Joseph Haydn by Thomas Hardy 1791


In his edition of ‘XII GRAND SYMPHONIES , By HAYDN, arranged as Quintets, by J. P. SALOMON’, Christopher Hogwood informs us that, just before leaving London for Vienna in August 1795, Joseph Haydn signed over the rights on the first six of the London symphonies to the impresario and orchestra leader J. P. Salomon. In late February of the following year Haydn despatched from Vienna the contract for the remaining six, handing over to Salomon the right to exploit all twelve as he saw fit. Salomon made reductions of the entire set for chamber performance, ‘for five Instruments, vizt.
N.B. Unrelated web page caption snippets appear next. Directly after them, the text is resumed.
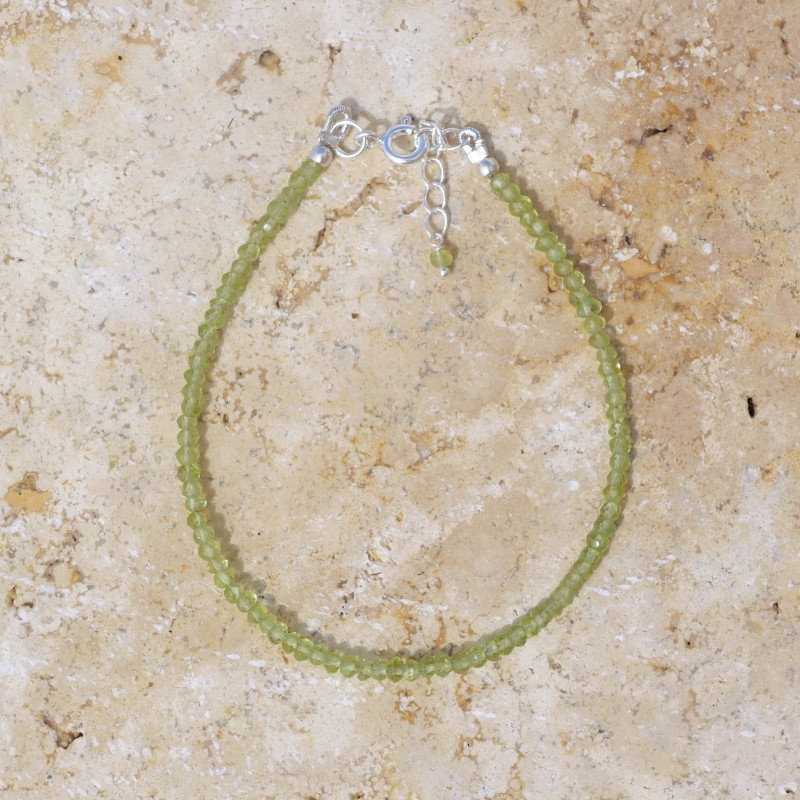 Bracelet fin pierres Péridot facettées fermoir argent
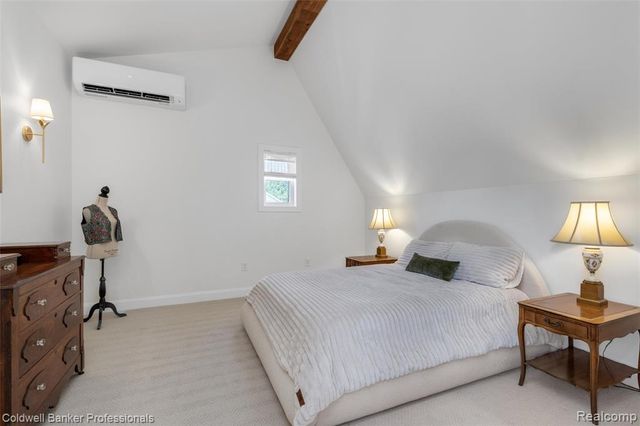 1377 Harvard Road, Grosse Pointe Park, MI 48230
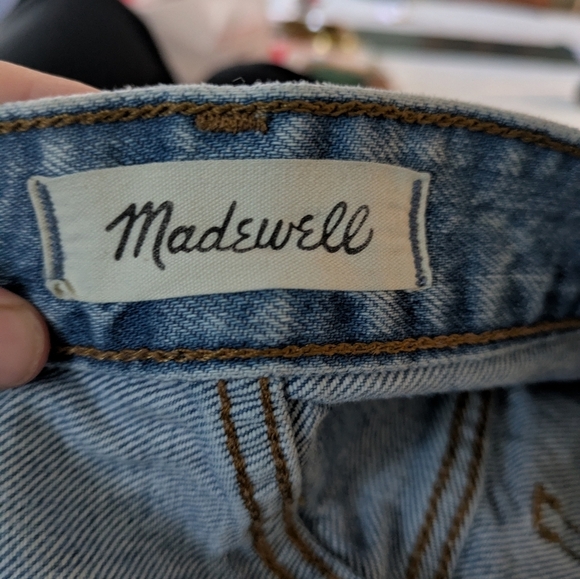 Madewell '90s Straight Jean - Picture 9 of 11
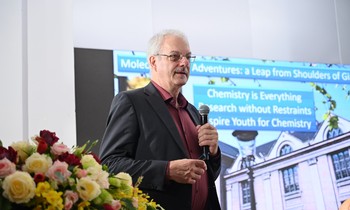 Chủ nhân giải Nobel Hóa học năm 2022 đến truyền cảm hứng cho sinh viên Việt Nam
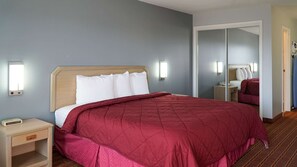 Desk, iron/ironing board, free WiFi, bed sheets - Rodeway Inn Beebe (Beebe)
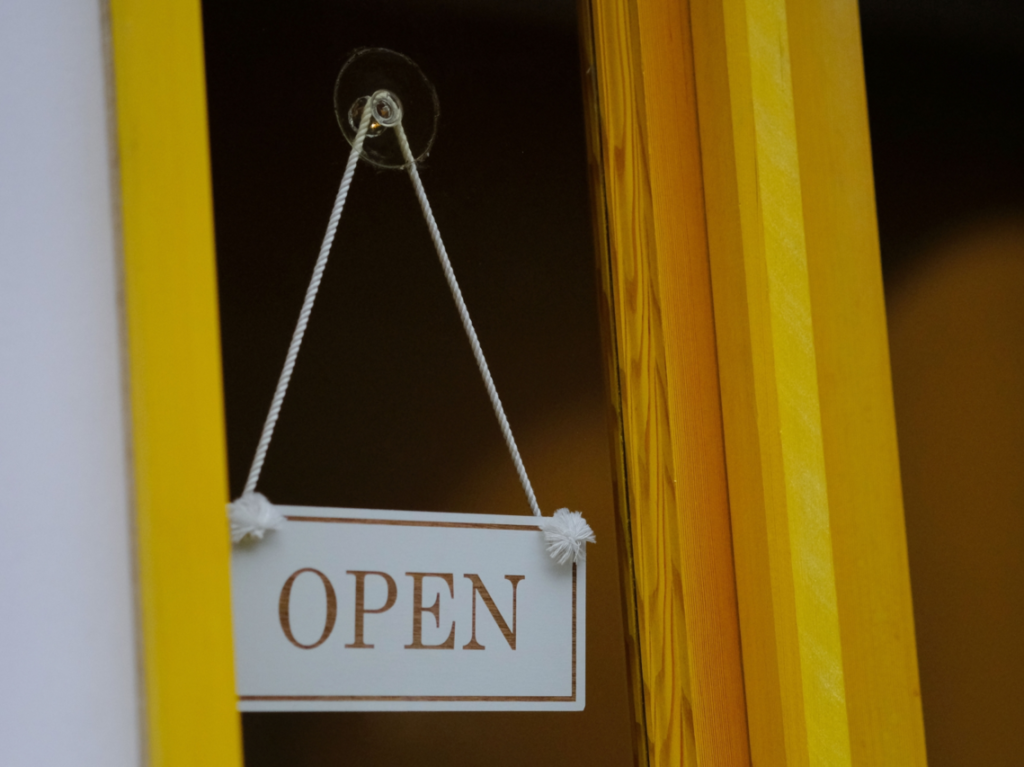 写真ACフリー素材「open」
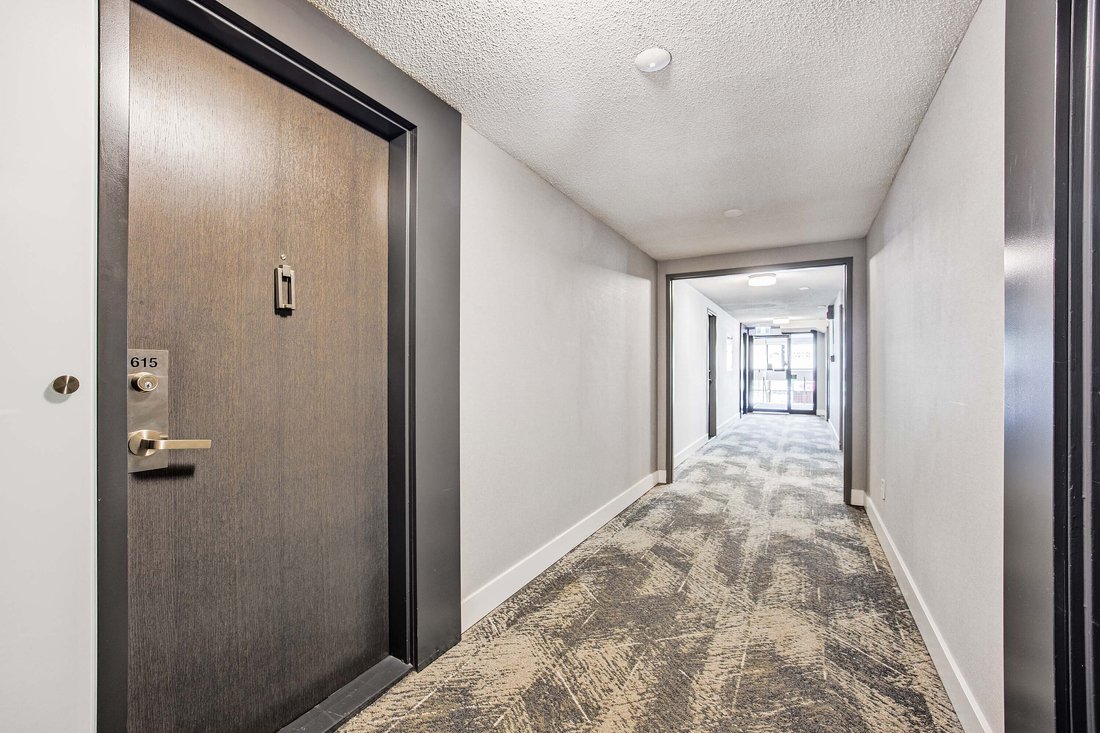 Condo in Toronto, Ontario, Canada 4 - 15648031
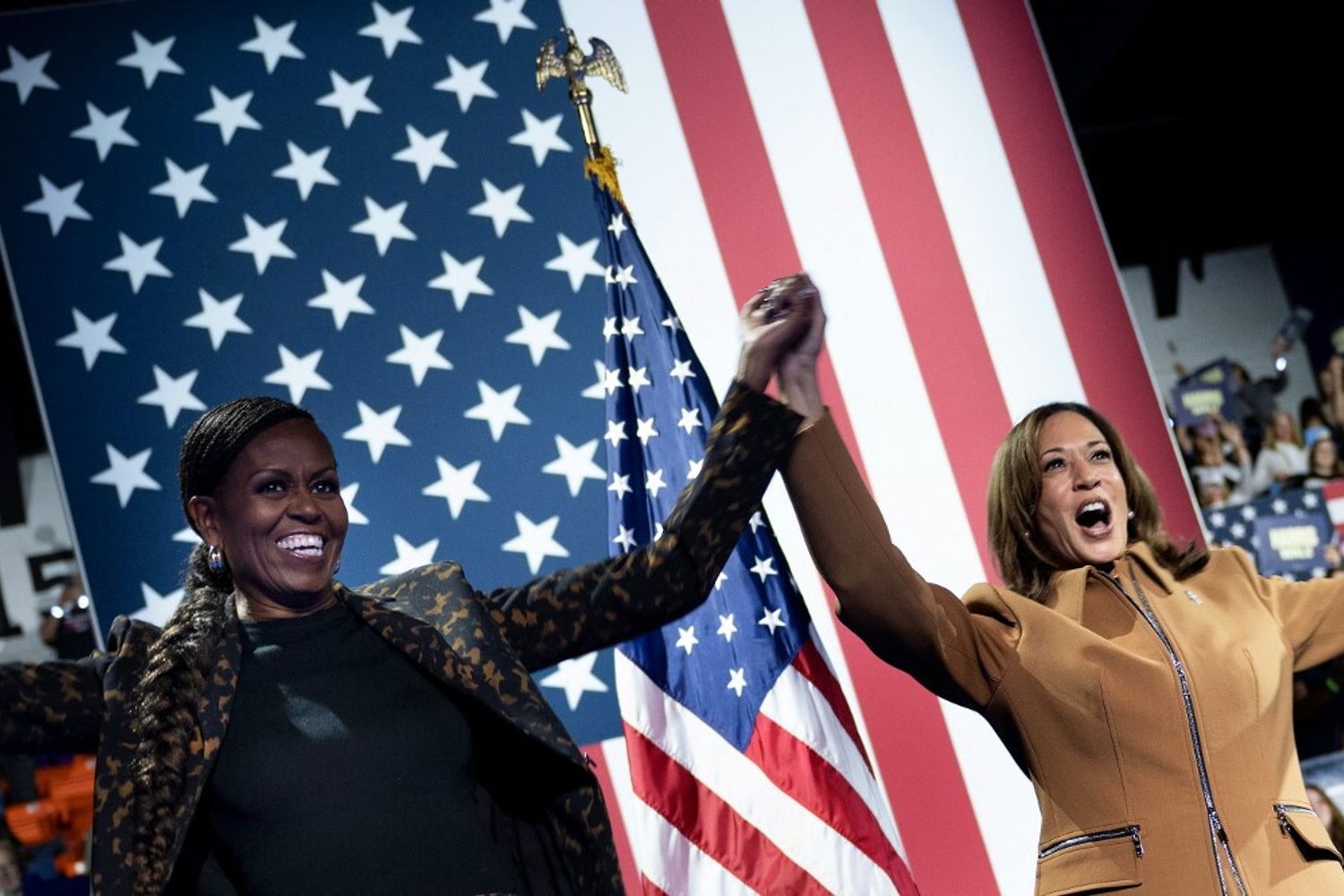 La vicepresidente degli Stati Uniti e candidata democratica alla presidenza Kamala Harris fa campagna con l'ex first lady degli Stati Uniti Michelle Obama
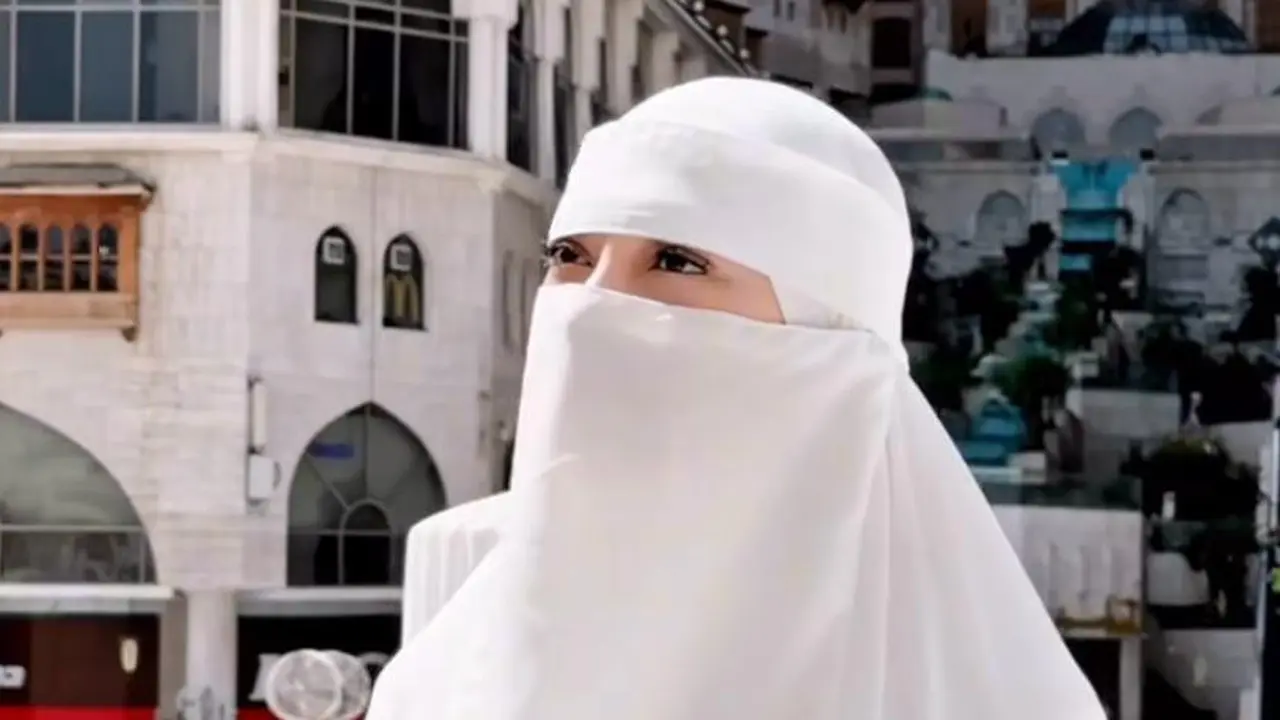 Resmi Mualaf, Celine Evangelista Tampil dengan Abaya dan Burka saat Umrah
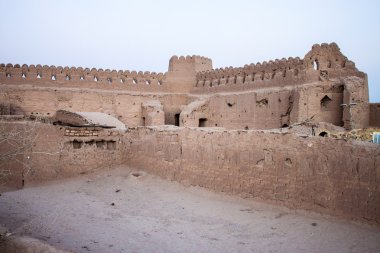 yıkık geleneksel adobe evleri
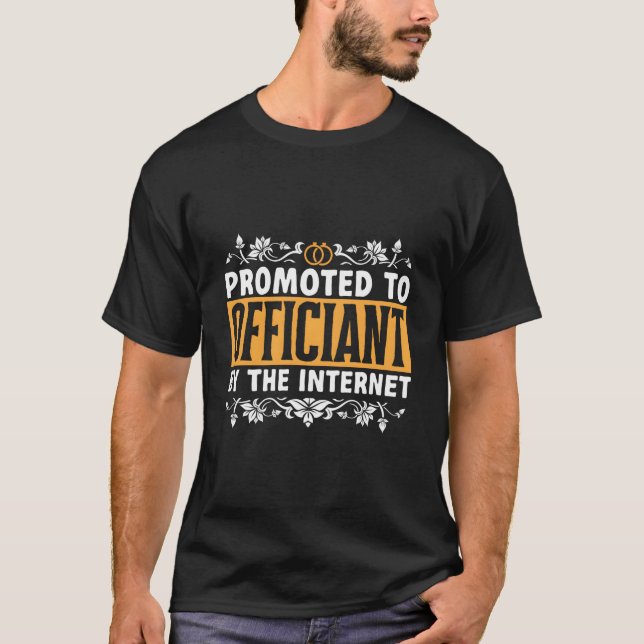 Camiseta Wedding Officiant Promoted To Officiant By The Int (Frente)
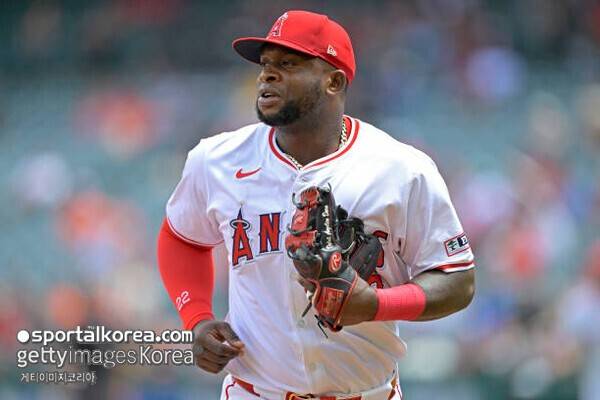 박병호랑 경쟁하던 164홈런 거포, 찜질하다가 화상→1년 반 무적 신세→주니치와 계약 맺고 日 무대서 새출발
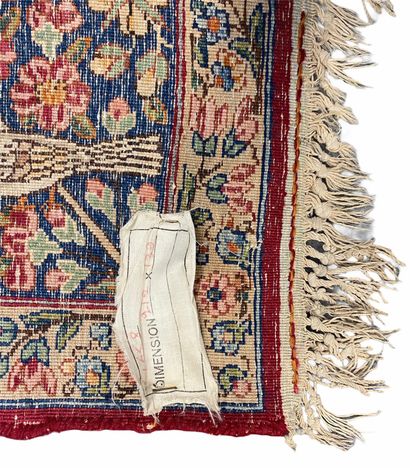 Tapis KIRMAN-RAVER (Perse) décor de vaches...
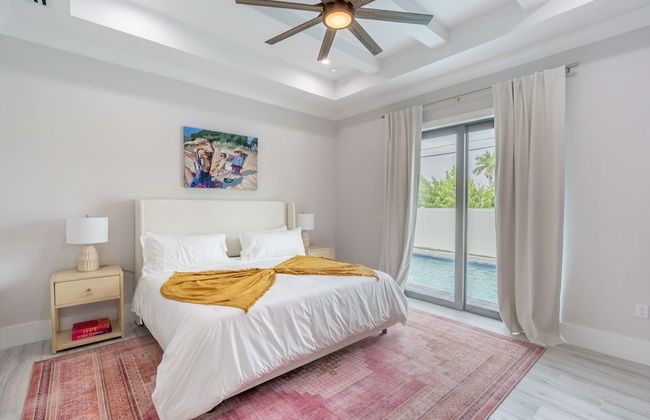 Sparkling new Vanderbilt Beach Luxury Escape - Photo 23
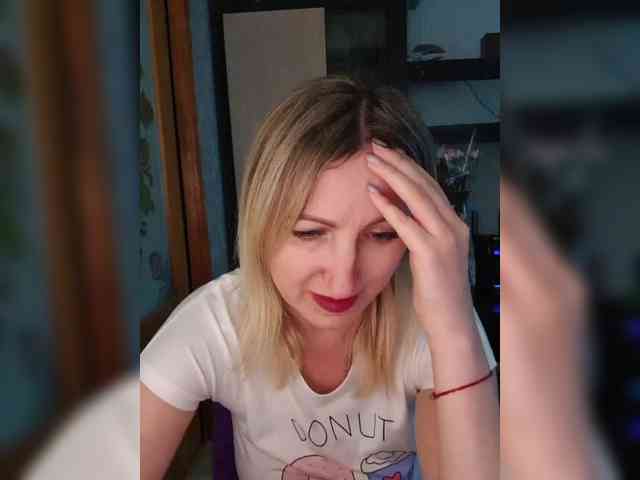 Nushka1984 webcam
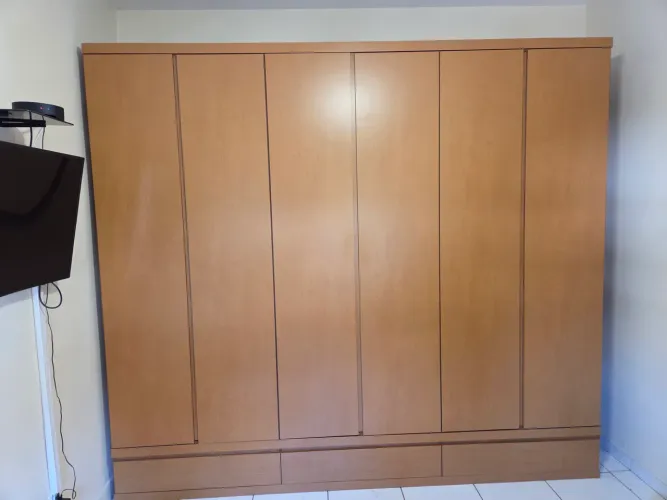Guarda-roupa 6 portas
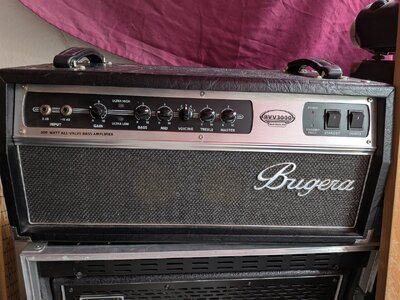 Bugera BVV3000 Infinium | 300W Vollröhren Ampeg SVT Klon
Two Violins, a German Flute, a Tenor, and a Violoncello: with an Accompaniment for the Piano Forte ad libitum. ... ", announced in The Times on 19 June 1798.

“As a vehicle for orchestral transcription this scarcely precedented combination proved immediately successful. Salomon’s autograph score, used for the first engraving, is instrumental to illustrate his procedures and experiments, and garner evidence of that collaboration between author and performer which was so much part of eighteenth-century musical practice. With Salomon we have the contribution of a performing musician who worked alongside Haydn from the conception of many of these symphonies, and saw them through first (and consequent) performances and eventually into print in a variety of forms.

The manuscript is written on English paper 9 1/2 x 11 3/4 inches, watermarked with a crown over fleur-de-lys in shield and ‘GR 1794’. The date (if any indication of the year of composition) is surprisingly early; Salomon had no contract with Haydn until the following year, and yet the hasty script, particularly in the later symphonies, is obviously under pressure — as if to suggest performances of the quintettos in MS before publication, maybe even before Haydn’s departure.”

For a fuller study see Christopher Hogwood’s “In praise of arrangements: the ‘Symphony Quintetto’”, in Studies in Music History presented to H. C. Robbins Landon (ed. Otto Biba and David Wyn Jones), Thames & Hudson, London, 1996, p. 82ff.